Surprisingly, some of the playing in the Haydn was a little scrappier than usually heard from this quartet. Still, there was nothing not to smile at. Haydn's thematic brilliance was artfully pointed to, but never pointedly underlined, allowing it to unfold in the first movement with a carefree airiness. Leader Edward Dusinberre allowed the opening phrases from which this quartet takes its nickname to soar gracefully. Beethovenian stillness hovered in the distance in the second slow movement, Dusinberre treating Haydn's Cantabile marking as an invitation to draw gorgeous, soprano-like nuance from his violin. The pointing of the off-kilter minuet was supreme, ending with a wink of a half-finished closing phrase. The Vivace finale did not suffer too much from occasional missed notes in its quick runs: they were inconsequential next to such easygoing freneticism, with virtuosity serving musical ends.
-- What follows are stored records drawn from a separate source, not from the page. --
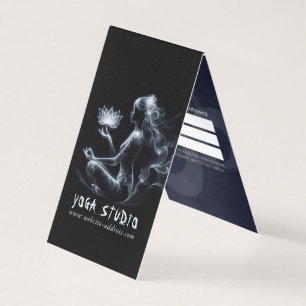 Yoga Instructor Lotus Meditation Pose Glowing Mist Business Card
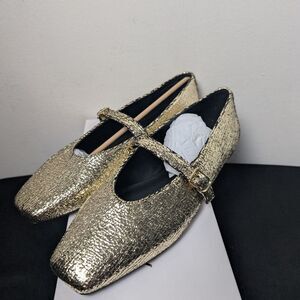 Katy Perry Shoe Square Gold Mary Jane Evie Flats Ballet Academia Sz 10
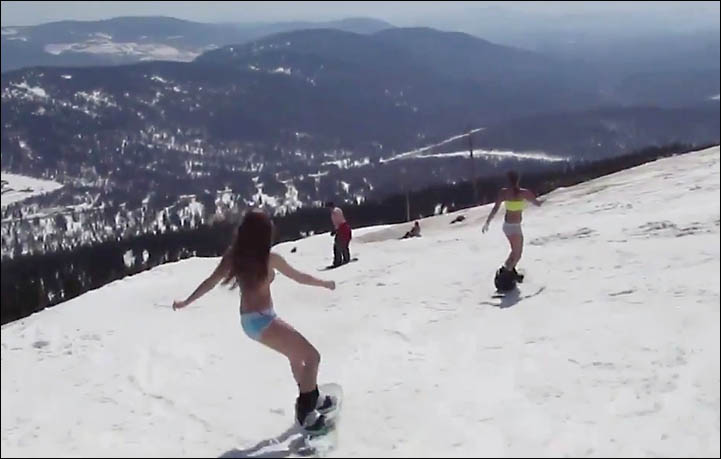 Bikini snowboarding Siberia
There was considerably less lightness in the Dvořák. With a much broader, deeper, mistier tone than in the Haydn, this was an even better performance. There was a hush around it, a Slavonic darkness surrounding the quartet's storytelling. The constant variations on simple themes looked admiringly sideways to Brahms, especially in the first movement, but with added moodiness. That first movement, with its reflective episodes and quick-changing colours, felt like a good long walk, the opening material returning serenely at the end with a sense of half-resolution, coming thematically and emotionally home. But in the 'Dumka' second movement there was an ineffable sense of something lost. Here the colouring from the Takács players was beautiful, slow chord sequences suavely balanced and moods only hinted-at when they did not need to be embodied. There was pain too in the Romance (a romance in Mozart's sense, experienced from a distance): its rich double-stopped chords sounded tentative, paradoxically sparse and cold. Melancholy, though, was eventually dispelled in the rondo finale, which drove haltingly to a thrilling conclusion.